> [Work to be completed] From the entries below, print exactly the span beginning with the line holding "Coco Gauff Cucerește" and ending with the line holding "Immaculate Ocean Front", endpoints included, and skip any pictures.

> [Input data]
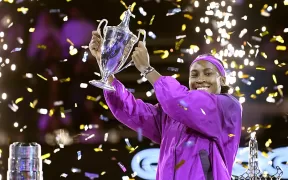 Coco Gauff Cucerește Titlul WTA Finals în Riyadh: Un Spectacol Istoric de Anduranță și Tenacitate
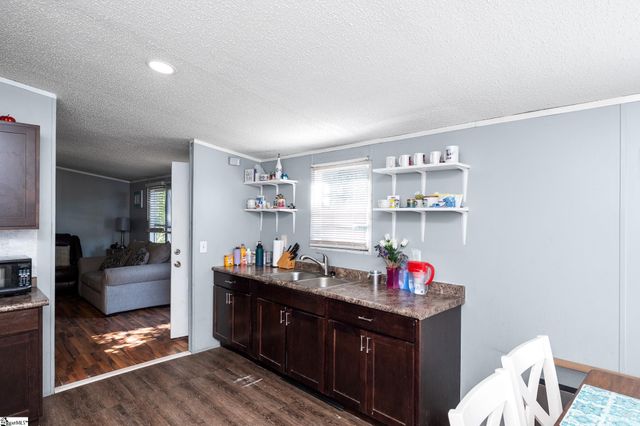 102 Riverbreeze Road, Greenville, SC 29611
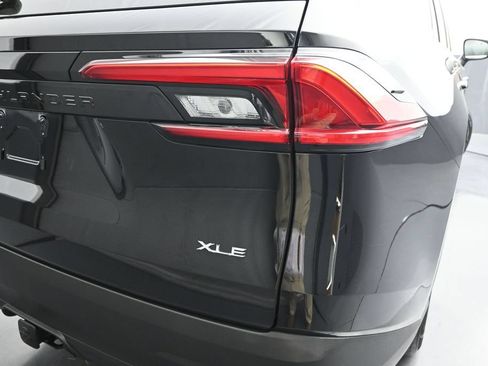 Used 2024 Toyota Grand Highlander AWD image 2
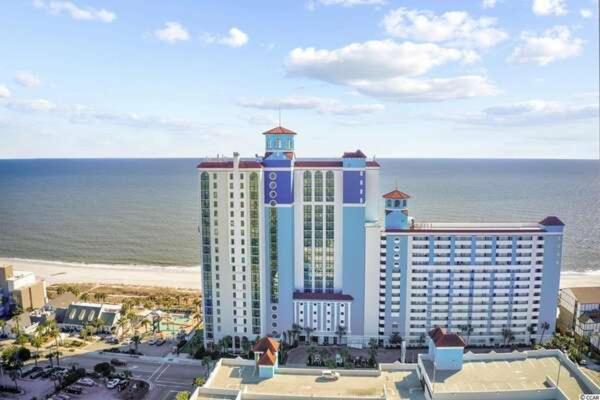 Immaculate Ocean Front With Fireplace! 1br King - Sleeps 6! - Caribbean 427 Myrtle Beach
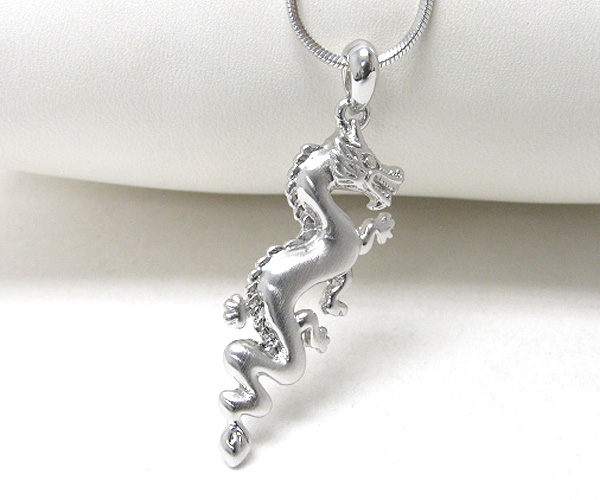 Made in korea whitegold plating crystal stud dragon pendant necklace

--

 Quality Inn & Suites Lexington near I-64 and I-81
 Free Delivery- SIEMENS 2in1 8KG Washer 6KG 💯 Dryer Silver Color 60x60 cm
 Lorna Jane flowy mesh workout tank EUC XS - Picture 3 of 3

> [Finished exercise]
 Coco Gauff Cucerește Titlul WTA Finals în Riyadh: Un Spectacol Istoric de Anduranță și Tenacitate
 102 Riverbreeze Road, Greenville, SC 29611
 Used 2024 Toyota Grand Highlander AWD image 2
 Immaculate Ocean Front With Fireplace! 1br King - Sleeps 6! - Caribbean 427 Myrtle Beach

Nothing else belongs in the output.